DATASET EXTRACT
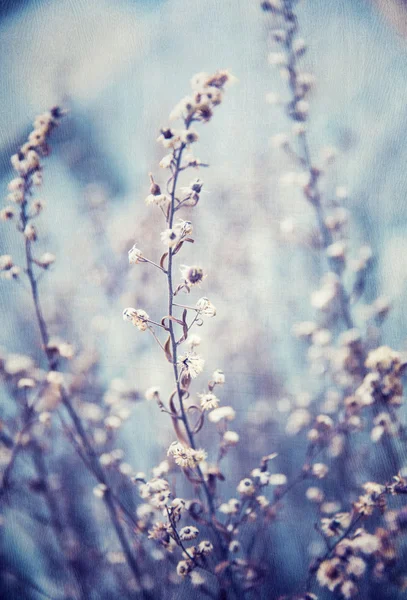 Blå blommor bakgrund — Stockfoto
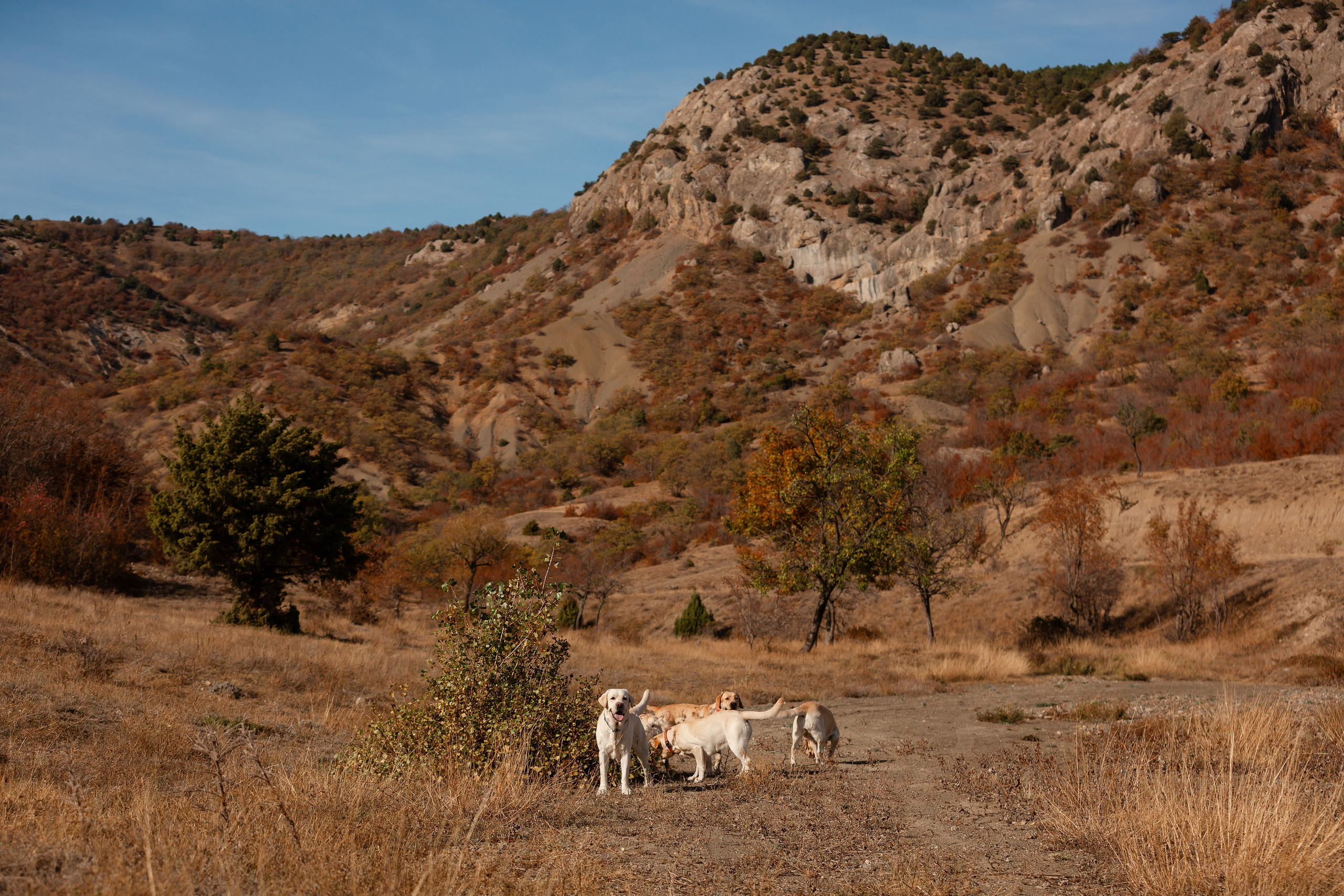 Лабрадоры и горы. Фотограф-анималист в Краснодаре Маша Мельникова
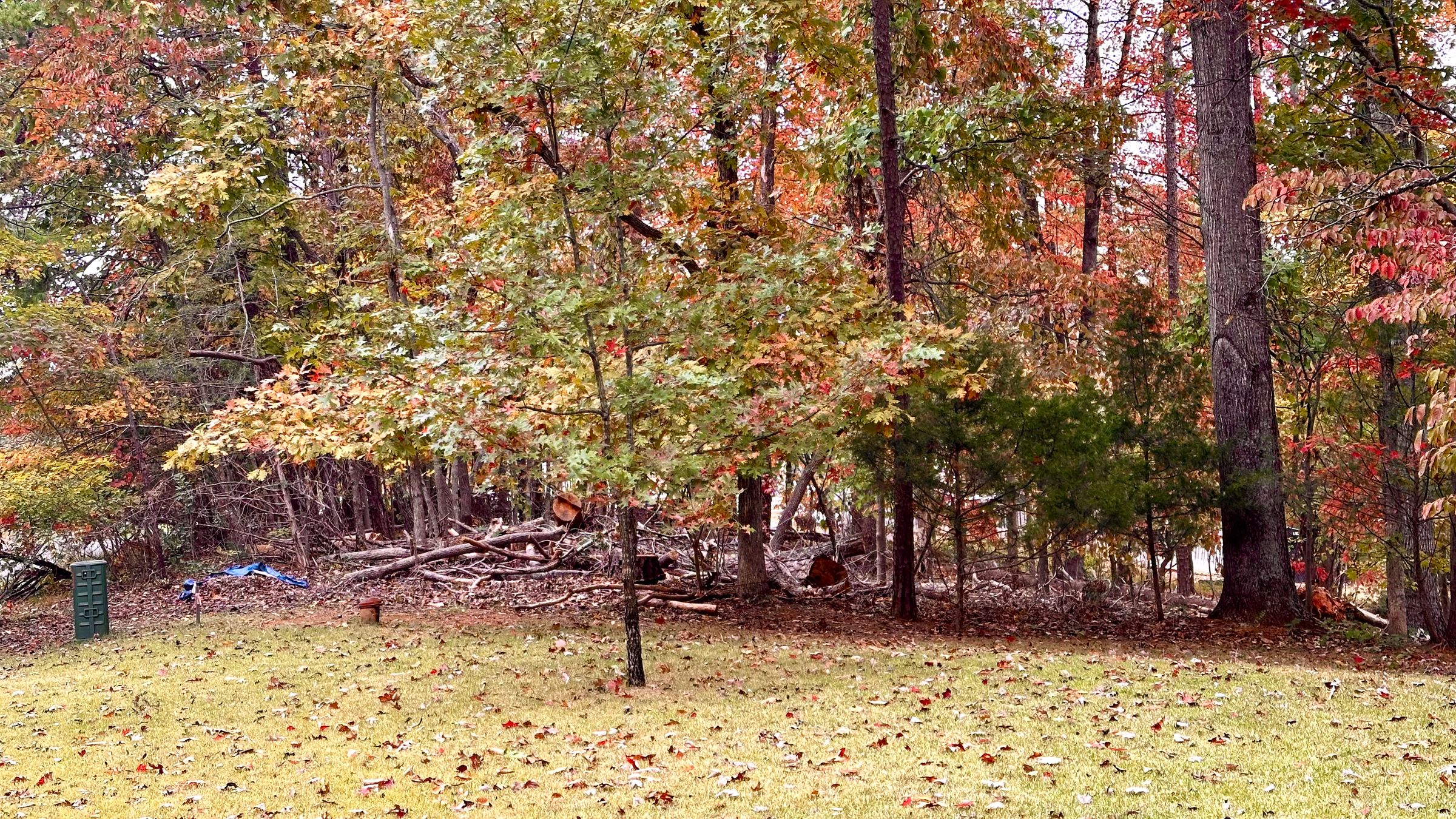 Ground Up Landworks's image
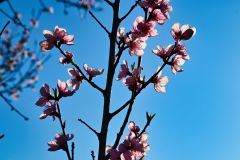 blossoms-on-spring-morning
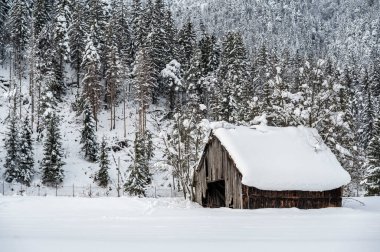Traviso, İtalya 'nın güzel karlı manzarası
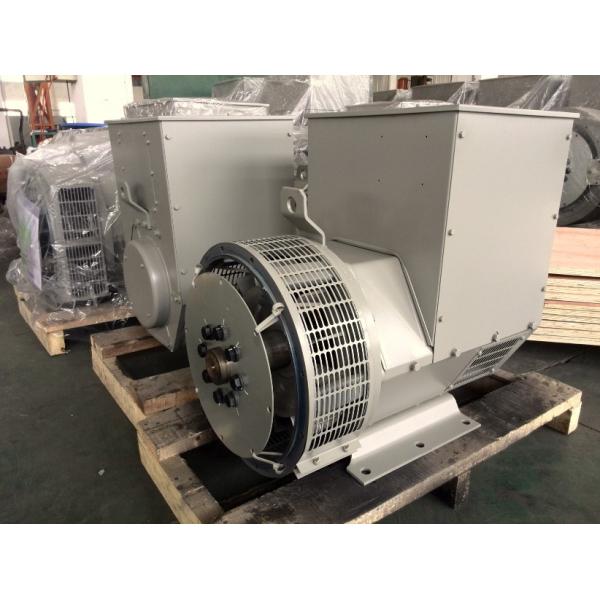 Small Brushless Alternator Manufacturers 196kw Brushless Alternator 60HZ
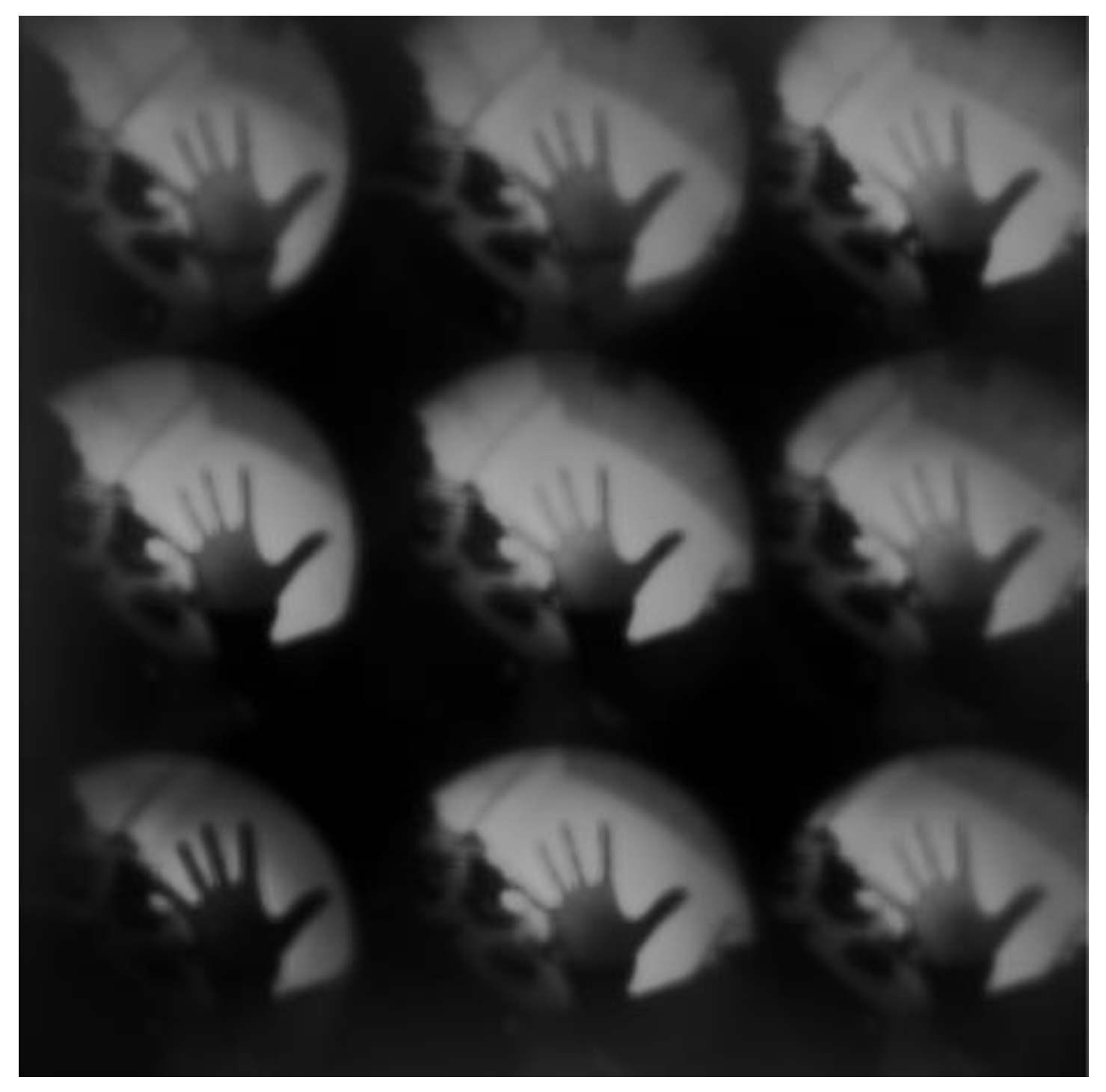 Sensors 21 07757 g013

WHAT IS REQUIRED
Set down the material above exactly. Skip any picture.

EXERCISE ANSWER
 Blå blommor bakgrund — Stockfoto
 Лабрадоры и горы. Фотограф-анималист в Краснодаре Маша Мельникова
 Ground Up Landworks's image
 blossoms-on-spring-morning
Traviso, İtalya 'nın güzel karlı manzarası
 Small Brushless Alternator Manufacturers 196kw Brushless Alternator 60HZ
 Sensors 21 07757 g013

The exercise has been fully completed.